|2011-06-25 00:05:22||Officials monitoring rising floodwaters at Nebraska nuclear plants -- CNN|
June 23, 2011 2:06 p.m. EDT
(CNN) -- U.S. nuclear regulators say two Nebraska nuclear power plants have protected critical equipment from the rising waters of the Missouri River even though flooding has reached the grounds of one of them.
The Nuclear Regulatory Commission is confident those safeguards will prevent a disaster at either plant even though the Missouri is expected to remain flooded for several weeks, NRC spokesman Victor Dricks said Thursday.

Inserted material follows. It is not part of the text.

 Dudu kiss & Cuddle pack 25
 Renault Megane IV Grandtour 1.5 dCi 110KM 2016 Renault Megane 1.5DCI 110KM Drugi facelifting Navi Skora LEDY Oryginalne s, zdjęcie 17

The Fort Calhoun plant, about 20 miles north of Omaha, was shut down for refueling in April. Parts of the grounds are already under two feet of water as the swollen Missouri overflows its banks. But the Omaha Public Power District, which owns the plant, has built flood walls around the reactor, transformers and the plant's electrical switchyard, the NRC said.
"They've surrounded all the vital equipment with berms," Dricks said.
An 8-foot-tall, water-filled berm, 16 feet wide at its base, surrounds the reactor containment structure and auxiliary buildings, the NRC says. The plant has brought in an additional emergency diesel generator, water pumps, sandbags and firefighting equipment as well, according to regulators.